• _Problem_
Although the entries contain pictures, copy only their text, exactly as written.

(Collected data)
________
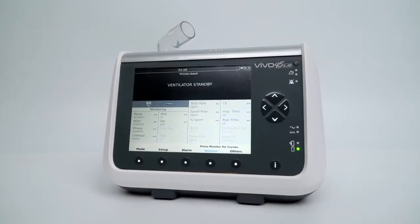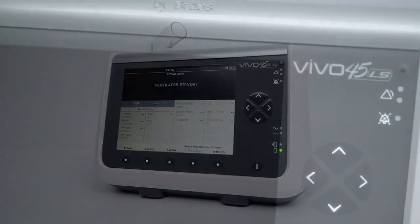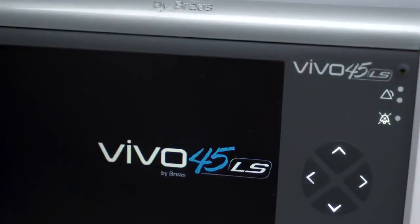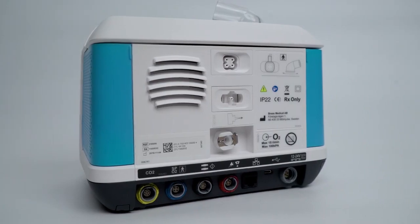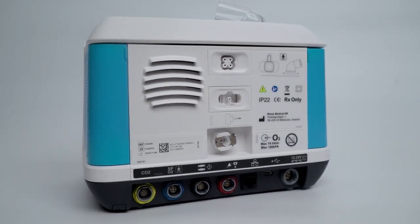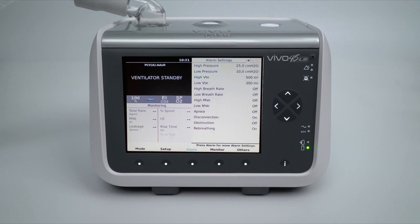Welcome to the Breas Vivo 45 LS tutorial series. In this video, we will be going through the alarm menu. To open the alarm menu, press the alarm function key. This will open the first tab or page of this menu.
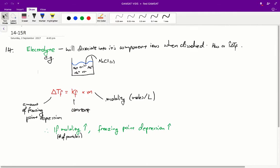Hi guys, it's Justin here. So today we'll be answering questions 14 and 15 from the Acer Red Paper. So, question 14.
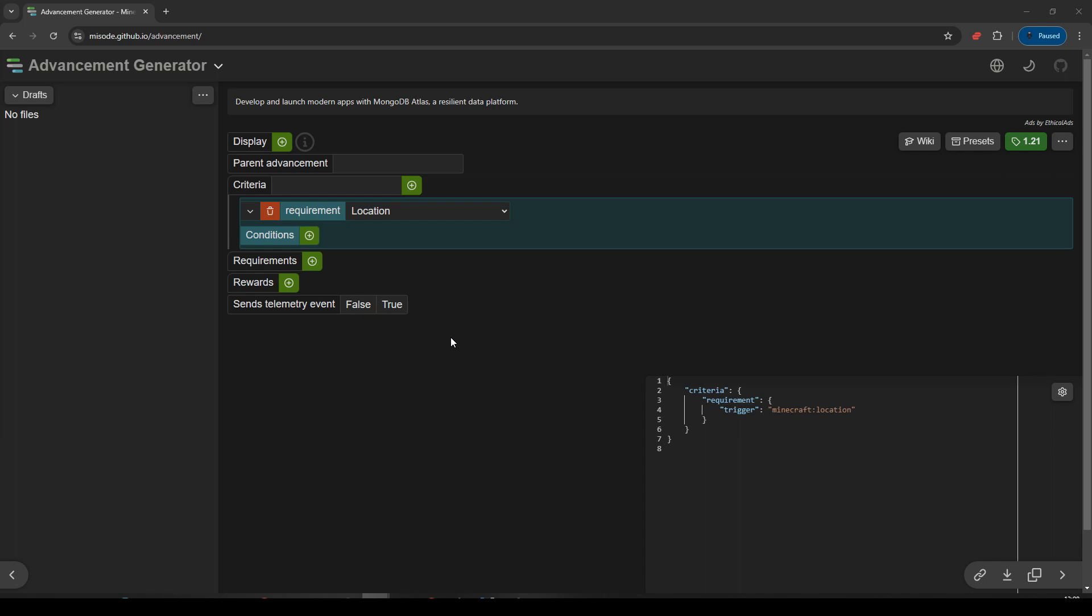Okay, here we are in Misode's generators. We're in the advancement generator. And let's make this one so we can detect if we press any button.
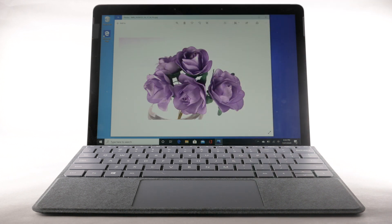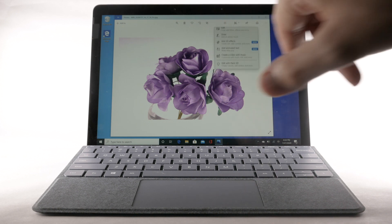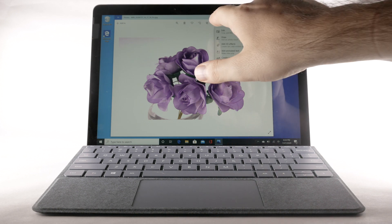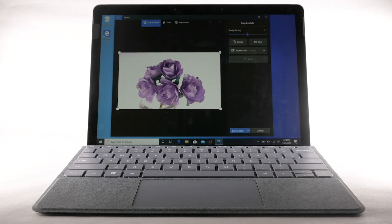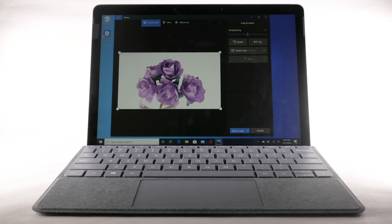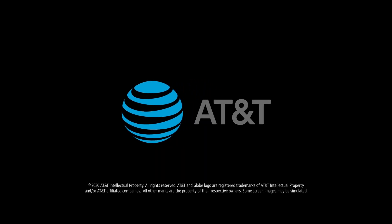To edit a photo or video, select the Edit icon. Select Edit. Follow the prompts to edit the desired photo or video as desired.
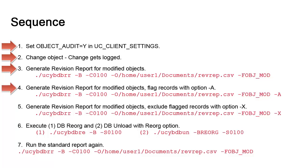Then we'll generate the same report but with a dash A option. The report will be exactly the same, but we'll flag the record with the archive flag. We'll show what dash X option does by running the same report. The record was flagged for archive so the dash X option should return nothing. We have one flagged record.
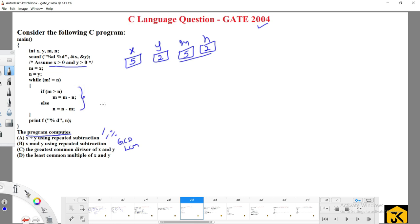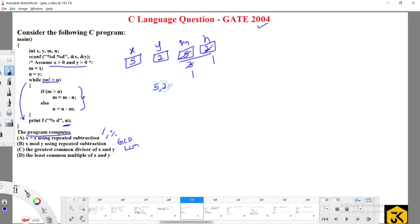When m is greater than n, we subtract n from m. Is 5 greater than 2? Yes — so m becomes 5 minus 2, which is 3. Loop again: is 3 greater than 2? Yes — so m becomes 3 minus 2, which is 1. Now is 1 greater than 2? No — so n equals n minus m, which is 2 minus 1, giving 1. Now both m and n are 1, so the loop terminates and it prints the value of n, which is 1.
________
• _Exercise result_
Welcome to the Breas Vivo 45 LS tutorial series. In this video, we will be going through the alarm menu. To open the alarm menu, press the alarm function key. This will open the first tab or page of this menu.
Hi guys, it's Justin here. So today we'll be answering questions 14 and 15 from the Acer Red Paper. So, question 14.
Okay, here we are in Misode's generators. We're in the advancement generator. And let's make this one so we can detect if we press any button.
To edit a photo or video, select the Edit icon. Select Edit. Follow the prompts to edit the desired photo or video as desired.
Then we'll generate the same report but with a dash A option. The report will be exactly the same, but we'll flag the record with the archive flag. We'll show what dash X option does by running the same report. The record was flagged for archive so the dash X option should return nothing. We have one flagged record.
When m is greater than n, we subtract n from m. Is 5 greater than 2? Yes — so m becomes 5 minus 2, which is 3. Loop again: is 3 greater than 2? Yes — so m becomes 3 minus 2, which is 1. Now is 1 greater than 2? No — so n equals n minus m, which is 2 minus 1, giving 1. Now both m and n are 1, so the loop terminates and it prints the value of n, which is 1.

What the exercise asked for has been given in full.